# Retrofit Independent Ventilation System?



## frooky (Oct 10, 2004)

Is it possible to retrofit the Independent Ventilation System that is included with the Navigation System option on the e39? I'm not even sure if retrofit is the right word... is it a function that is already on the onboard computer that can only be accessed by the nav unit or is it specifically part of the nav computer? I've been searching the different BMW forums for info on this with no luck so far. I'm going to be purchasing either a 528i or 530i and this feature would be really nice to have since my car sits outside all day at my work. I'm just wondering if I need to find a car that already has nav or if i can use the ventilation system without it. It would also be nice to know if the people that have the system actually use it or if it's just a waste of time.

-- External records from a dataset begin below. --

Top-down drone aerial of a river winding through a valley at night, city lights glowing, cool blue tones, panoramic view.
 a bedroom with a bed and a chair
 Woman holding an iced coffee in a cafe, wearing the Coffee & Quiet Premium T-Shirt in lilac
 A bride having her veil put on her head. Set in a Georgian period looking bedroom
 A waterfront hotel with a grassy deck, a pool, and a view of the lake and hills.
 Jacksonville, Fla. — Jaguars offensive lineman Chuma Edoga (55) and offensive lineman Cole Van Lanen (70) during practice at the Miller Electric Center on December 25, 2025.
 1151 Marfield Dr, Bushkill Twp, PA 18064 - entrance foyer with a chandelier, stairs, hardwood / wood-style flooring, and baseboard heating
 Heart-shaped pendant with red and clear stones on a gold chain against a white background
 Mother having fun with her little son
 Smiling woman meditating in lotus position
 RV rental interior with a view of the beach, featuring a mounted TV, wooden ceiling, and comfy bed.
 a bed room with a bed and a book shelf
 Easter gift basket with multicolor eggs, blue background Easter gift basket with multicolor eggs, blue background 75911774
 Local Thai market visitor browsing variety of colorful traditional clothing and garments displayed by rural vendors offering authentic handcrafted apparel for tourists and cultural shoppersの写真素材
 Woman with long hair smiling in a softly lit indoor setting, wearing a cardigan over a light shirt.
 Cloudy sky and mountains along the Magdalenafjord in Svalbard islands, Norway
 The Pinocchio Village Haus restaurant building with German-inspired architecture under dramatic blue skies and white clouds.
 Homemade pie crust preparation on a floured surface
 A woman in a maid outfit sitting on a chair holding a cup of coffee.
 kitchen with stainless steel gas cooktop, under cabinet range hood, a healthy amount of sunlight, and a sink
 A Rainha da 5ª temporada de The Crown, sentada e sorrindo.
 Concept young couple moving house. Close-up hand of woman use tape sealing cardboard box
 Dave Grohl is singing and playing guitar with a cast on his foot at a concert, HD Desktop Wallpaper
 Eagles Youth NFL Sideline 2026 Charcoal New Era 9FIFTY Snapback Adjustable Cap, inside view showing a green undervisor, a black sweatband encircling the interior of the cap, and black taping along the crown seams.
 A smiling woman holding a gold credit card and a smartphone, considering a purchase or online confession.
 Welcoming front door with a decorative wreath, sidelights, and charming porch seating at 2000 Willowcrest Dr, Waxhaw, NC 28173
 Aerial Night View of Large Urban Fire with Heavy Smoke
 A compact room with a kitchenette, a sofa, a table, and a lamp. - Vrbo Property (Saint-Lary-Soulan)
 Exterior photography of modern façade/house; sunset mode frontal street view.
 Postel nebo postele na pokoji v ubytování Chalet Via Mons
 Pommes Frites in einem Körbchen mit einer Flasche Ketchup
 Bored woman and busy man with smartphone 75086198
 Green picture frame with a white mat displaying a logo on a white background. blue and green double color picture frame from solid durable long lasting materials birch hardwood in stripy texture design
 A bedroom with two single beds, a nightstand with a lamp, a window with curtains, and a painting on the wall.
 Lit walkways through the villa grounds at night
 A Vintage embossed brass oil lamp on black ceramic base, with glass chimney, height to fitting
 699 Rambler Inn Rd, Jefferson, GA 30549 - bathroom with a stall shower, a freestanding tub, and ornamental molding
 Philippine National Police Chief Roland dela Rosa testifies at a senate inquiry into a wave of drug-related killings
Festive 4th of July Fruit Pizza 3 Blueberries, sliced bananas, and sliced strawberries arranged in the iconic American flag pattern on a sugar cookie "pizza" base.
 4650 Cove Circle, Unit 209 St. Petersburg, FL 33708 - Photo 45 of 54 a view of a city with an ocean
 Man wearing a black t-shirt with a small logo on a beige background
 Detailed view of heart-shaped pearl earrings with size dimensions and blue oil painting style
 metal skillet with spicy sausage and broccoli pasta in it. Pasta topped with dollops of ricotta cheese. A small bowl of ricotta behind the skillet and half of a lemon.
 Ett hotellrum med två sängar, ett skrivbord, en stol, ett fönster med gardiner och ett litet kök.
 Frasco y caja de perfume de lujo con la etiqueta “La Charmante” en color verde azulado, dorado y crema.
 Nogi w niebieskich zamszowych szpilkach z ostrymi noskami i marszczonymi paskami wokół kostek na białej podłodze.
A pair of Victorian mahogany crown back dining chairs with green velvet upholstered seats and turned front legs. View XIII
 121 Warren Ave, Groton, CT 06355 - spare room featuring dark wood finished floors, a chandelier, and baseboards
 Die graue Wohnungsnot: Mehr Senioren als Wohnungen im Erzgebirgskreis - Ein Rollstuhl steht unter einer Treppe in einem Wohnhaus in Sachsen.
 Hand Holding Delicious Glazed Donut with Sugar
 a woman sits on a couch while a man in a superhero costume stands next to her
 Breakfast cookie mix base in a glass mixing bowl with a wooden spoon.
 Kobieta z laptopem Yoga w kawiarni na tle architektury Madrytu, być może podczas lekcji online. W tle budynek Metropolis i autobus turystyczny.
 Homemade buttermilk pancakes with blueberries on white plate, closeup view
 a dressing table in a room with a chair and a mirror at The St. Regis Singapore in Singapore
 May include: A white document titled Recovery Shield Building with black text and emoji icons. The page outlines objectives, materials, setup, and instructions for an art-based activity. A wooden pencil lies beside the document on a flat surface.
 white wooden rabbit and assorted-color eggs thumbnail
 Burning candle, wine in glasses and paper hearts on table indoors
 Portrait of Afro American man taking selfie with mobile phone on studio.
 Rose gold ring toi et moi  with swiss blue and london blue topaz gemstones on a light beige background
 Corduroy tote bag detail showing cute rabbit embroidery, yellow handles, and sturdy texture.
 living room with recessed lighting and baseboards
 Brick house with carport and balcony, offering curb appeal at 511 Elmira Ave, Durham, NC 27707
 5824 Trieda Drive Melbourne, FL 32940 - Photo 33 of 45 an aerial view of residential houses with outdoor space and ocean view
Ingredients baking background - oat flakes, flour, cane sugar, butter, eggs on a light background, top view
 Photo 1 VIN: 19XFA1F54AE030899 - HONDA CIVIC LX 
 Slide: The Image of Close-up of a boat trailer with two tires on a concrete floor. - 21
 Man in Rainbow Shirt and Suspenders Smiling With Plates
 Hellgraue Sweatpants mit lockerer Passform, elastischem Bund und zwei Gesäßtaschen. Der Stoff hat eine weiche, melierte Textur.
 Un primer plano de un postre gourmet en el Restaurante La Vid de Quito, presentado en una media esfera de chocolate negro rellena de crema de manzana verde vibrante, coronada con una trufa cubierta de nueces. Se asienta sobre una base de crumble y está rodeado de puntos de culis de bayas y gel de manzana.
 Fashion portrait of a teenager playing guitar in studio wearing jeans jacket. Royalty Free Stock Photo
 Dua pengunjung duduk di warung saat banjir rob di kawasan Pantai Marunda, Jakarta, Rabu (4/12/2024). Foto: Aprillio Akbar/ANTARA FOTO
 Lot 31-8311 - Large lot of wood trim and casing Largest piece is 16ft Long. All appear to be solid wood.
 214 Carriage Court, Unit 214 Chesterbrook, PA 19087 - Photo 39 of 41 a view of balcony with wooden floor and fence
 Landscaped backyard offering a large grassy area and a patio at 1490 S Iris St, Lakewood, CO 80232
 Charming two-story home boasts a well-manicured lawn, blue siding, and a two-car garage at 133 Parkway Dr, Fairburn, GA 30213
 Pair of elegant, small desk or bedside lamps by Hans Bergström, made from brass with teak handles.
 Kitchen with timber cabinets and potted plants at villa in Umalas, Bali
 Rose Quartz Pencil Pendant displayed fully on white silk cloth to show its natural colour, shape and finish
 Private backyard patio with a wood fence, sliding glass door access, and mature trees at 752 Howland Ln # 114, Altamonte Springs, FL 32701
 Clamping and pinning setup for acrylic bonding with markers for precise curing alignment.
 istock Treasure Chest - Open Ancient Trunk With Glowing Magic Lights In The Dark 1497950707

Any help on this subject is appreciated!


----------



## Tyrone (Apr 17, 2003)

frooky said:


> Is it possible to retrofit the Independent Ventilation System that is included with the Navigation System option on the e39? I'm not even sure if retrofit is the right word... is it a function that is already on the onboard computer that can only be accessed by the nav unit or is it specifically part of the nav computer? I've been searching the different BMW forums for info on this with no luck so far. I'm going to be purchasing either a 528i or 530i and this feature would be really nice to have since my car sits outside all day at my work. I'm just wondering if I need to find a car that already has nav or if i can use the ventilation system without it. It would also be nice to know if the people that have the system actually use it or if it's just a waste of time.
> 
> Any help on this subject is appreciated!


The park ventilation feature is a function of the high on-board computer. You're looking at about $700 for a retrofit with new parts.


----------



## frooky (Oct 10, 2004)

Is that $700 for both the 528i and the 530i? I'm still a little bit confused on exactly what the high OBC is. I read a couple of threads on here about it, but it only confused me more. LOL! As I understand it, the high OBC has nothing to do with the Nav system specifically, right? What option pack gives you the high OBC?

I apologize for my ignorance.


----------